ASSIGNMENT:
The lines from the one containing "Akankah bintang Los" to the end of the entries, both included, are what you need to transcribe exactly, without pictures and without anything else.

INFORMATION SUPPLIED:
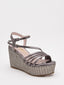 Sandalias de cuña plomo metalizadas con plataforma trenzada y tiras cruzadas. Elegantes, cómodas y versátiles.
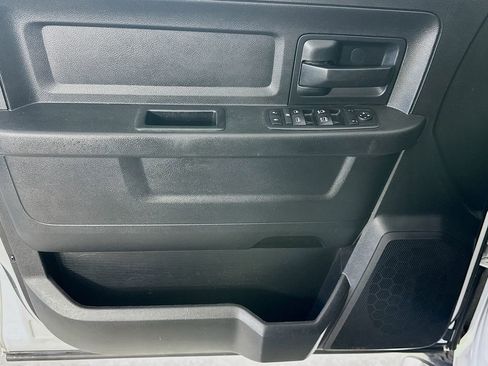 Used 2017 RAM 3500 Tradesman w/ Chrome Appearance Group AWD/4WD image 23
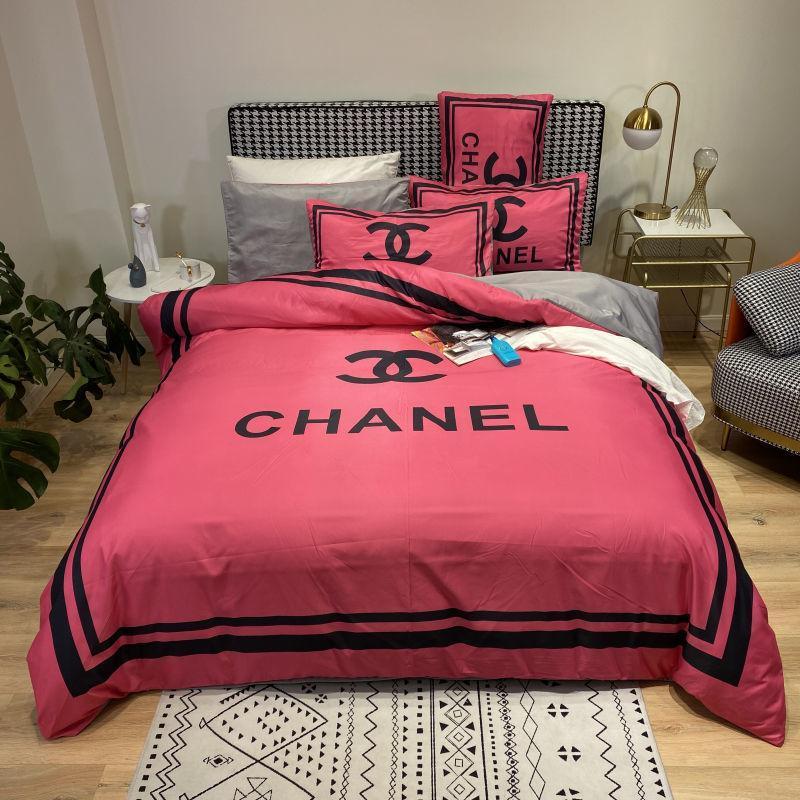 CHANEL Luxury Bedding 4-Piece Set, High-Quality Cotton Fabric, Suitable for All Seasons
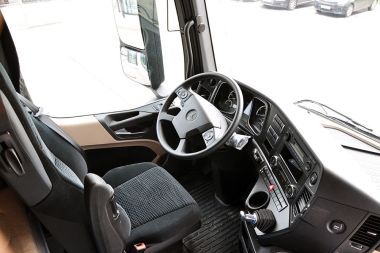 Тягач низкорамный Mercedes-Benz Actros 1845 LSnRL #2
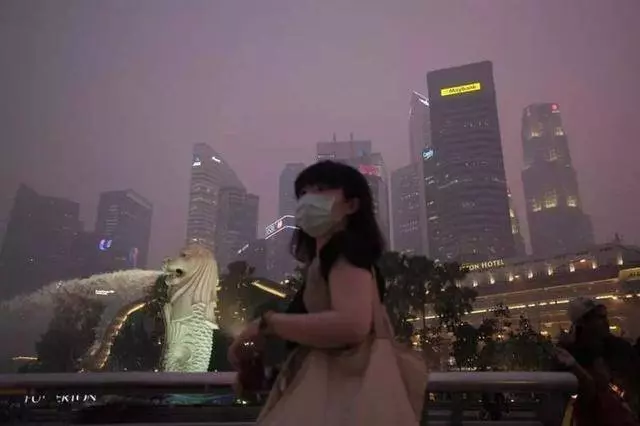 《提防》「」新加坡「」新鮮出爐的預測:將遭受霧霾襲城!防霧霾措施要提前準備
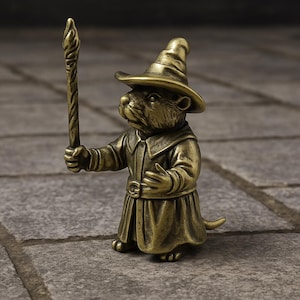 Mini-Hexenratte aus Messing, 4,2 cm – handgefertigte Zauberfigur, mittelalterlicher Miniaturmagier, Fantasy-Dekor & okkulte Sammlung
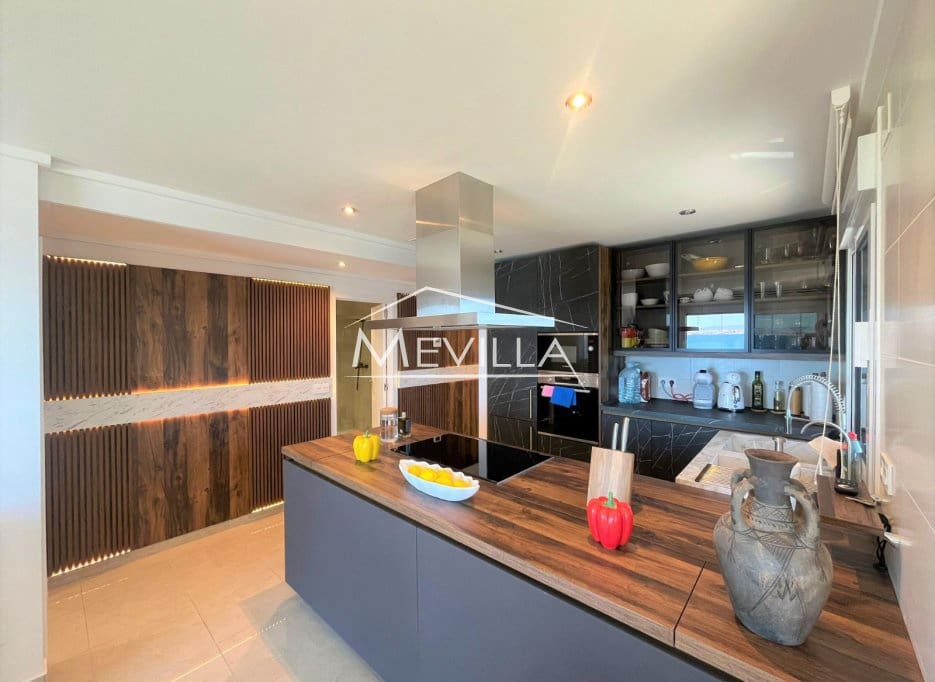 Ático de 3 habitaciones en La Manga del Mar Menor en venta con piscina garaje - 525.000 € (Ref: 9763262)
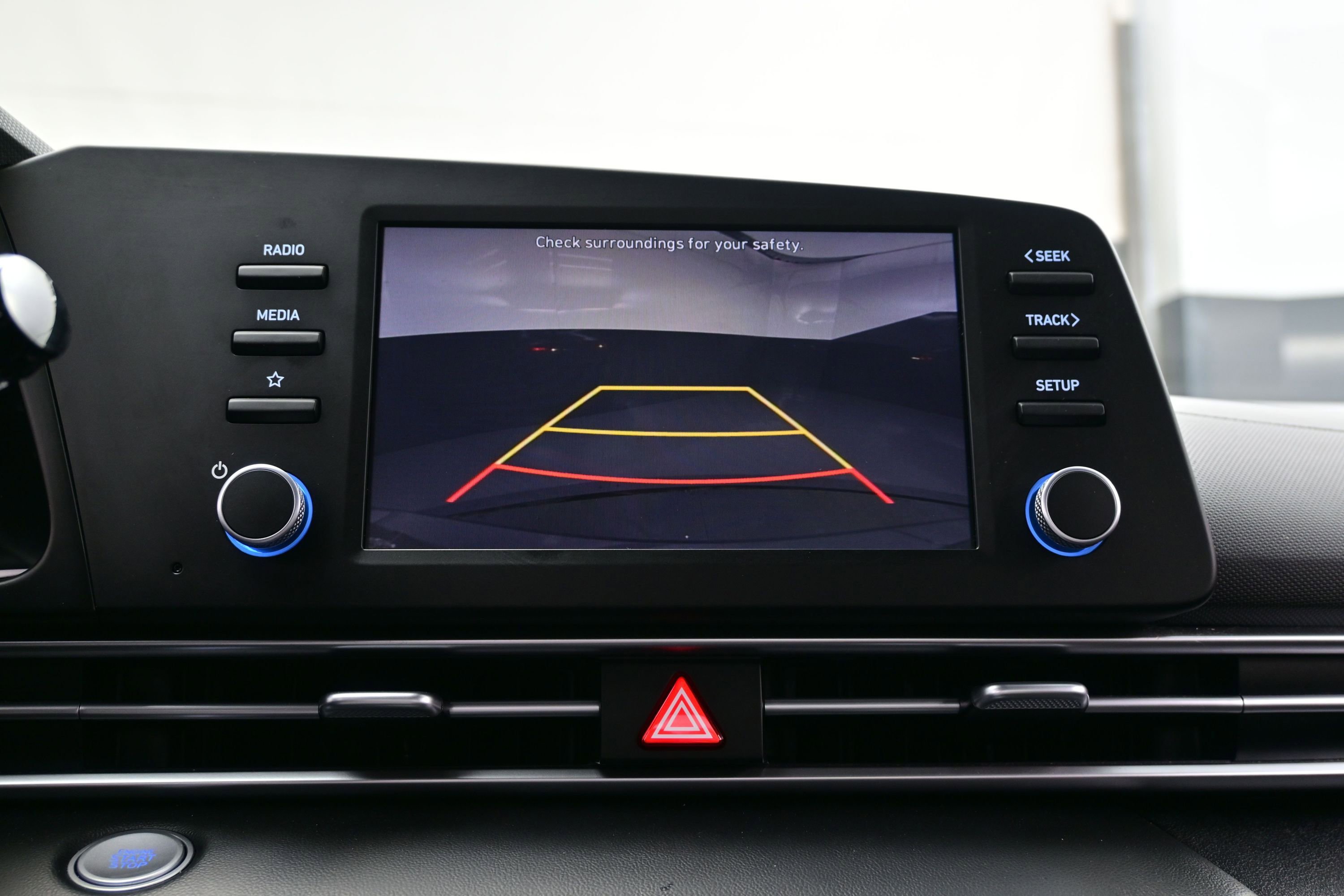 Used 2023 Hyundai Elantra SEL image 17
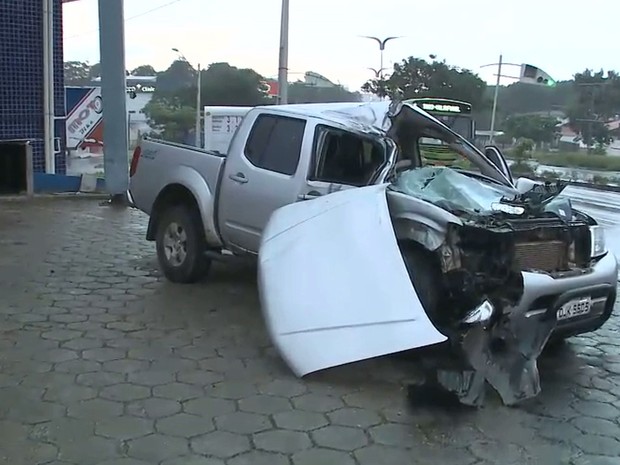 Motorista por pouco não atingiu uma das bombas de combustível em São Luís (MA) (Foto: Reprodução/TV Mirante) Motorista por pouco não atingiu uma das bombas de combustível em São Luís (MA) (Foto: Reprodução/TV Mirante)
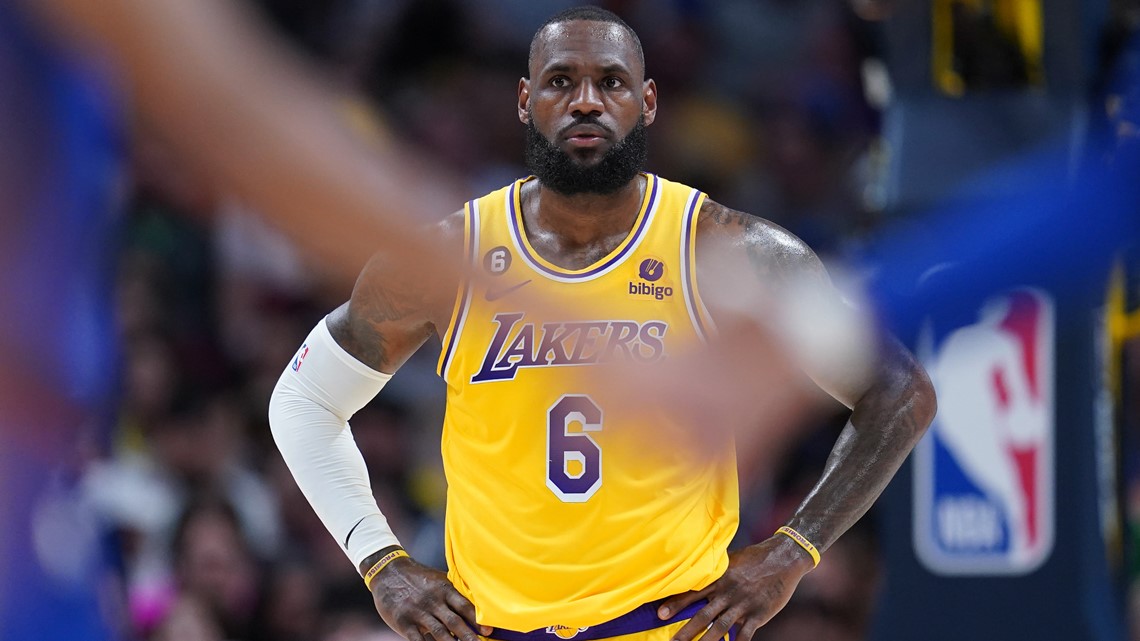 Akankah bintang Los Angeles Lakers LeBron James benar-benar pensiun?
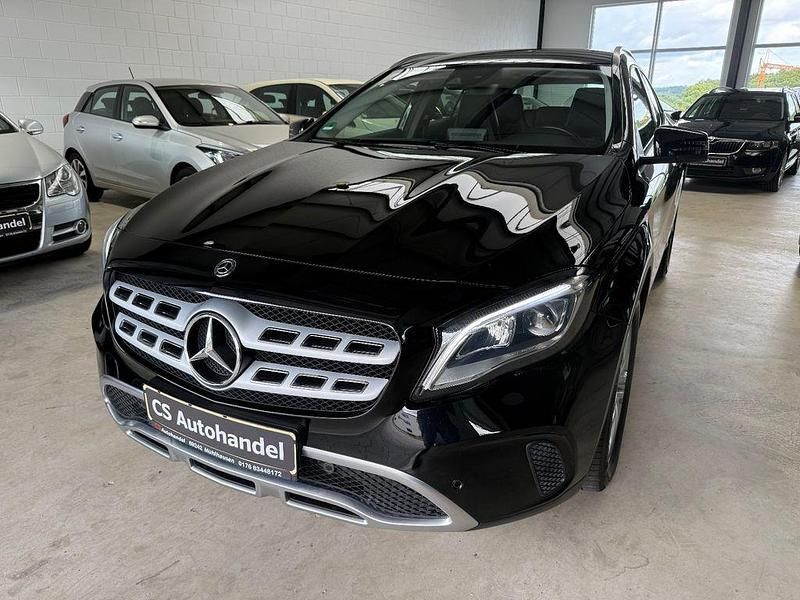 Schwarz Gebraucht 2017 Mercedes GLA200 Urban SUV | 20.990 € (Fairer Preis) - Bild 1/4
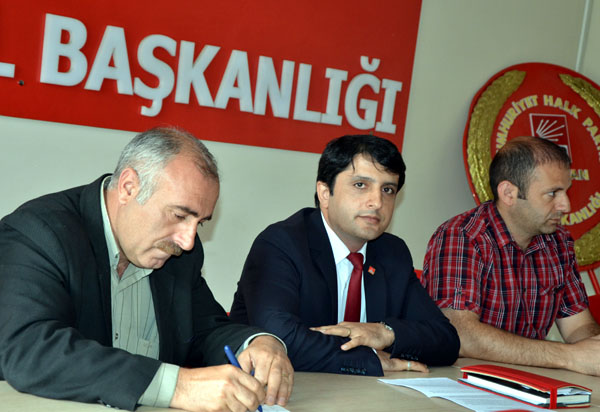 İlk aday adayı CHP'den Deniz Aydemir oldu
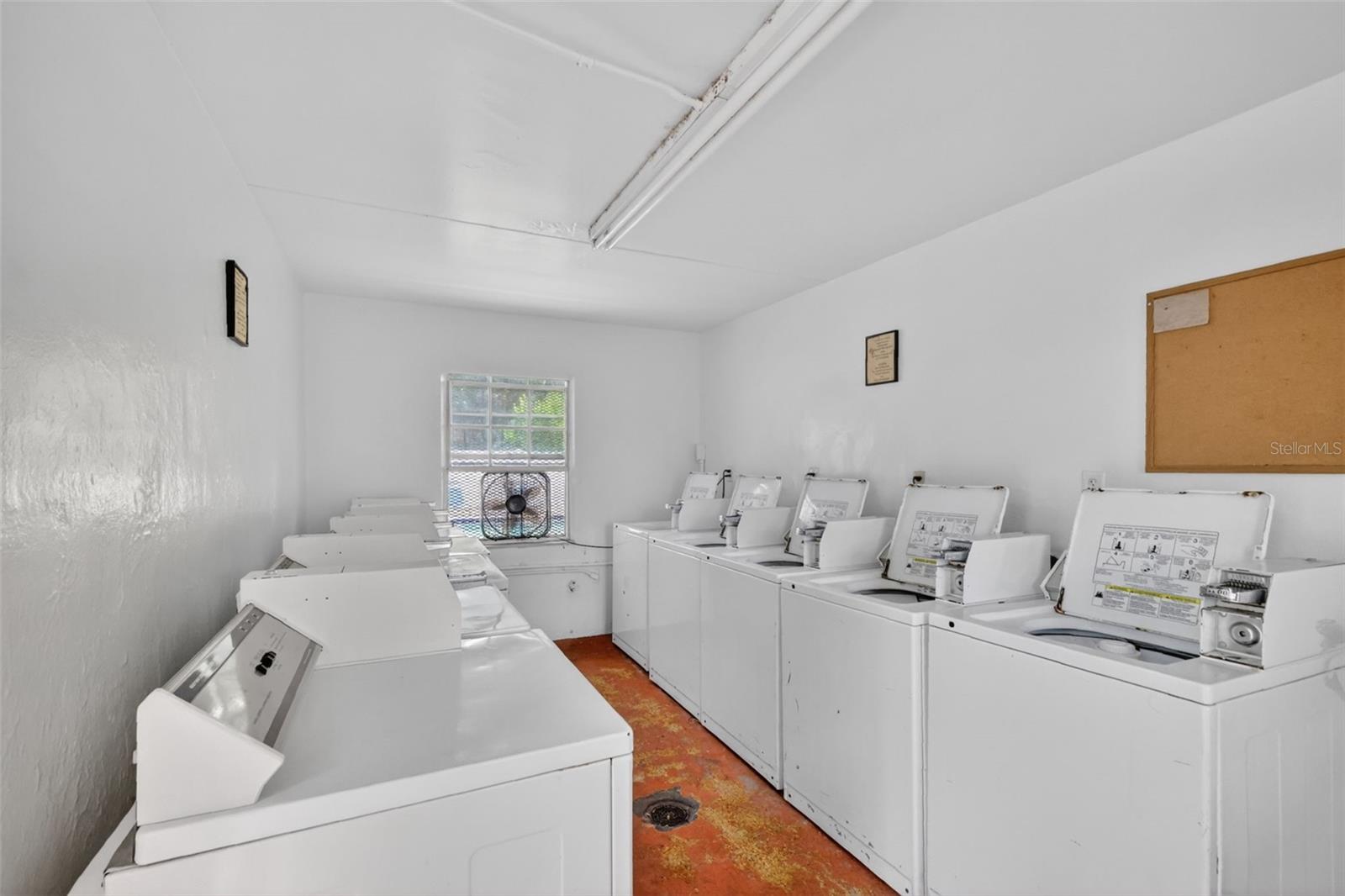 1112 W Main St #e7 Property Photo 31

EXERCISE ANSWER:
 Akankah bintang Los Angeles Lakers LeBron James benar-benar pensiun?
 Schwarz Gebraucht 2017 Mercedes GLA200 Urban SUV | 20.990 € (Fairer Preis) - Bild 1/4
 İlk aday adayı CHP'den Deniz Aydemir oldu
 1112 W Main St #e7 Property Photo 31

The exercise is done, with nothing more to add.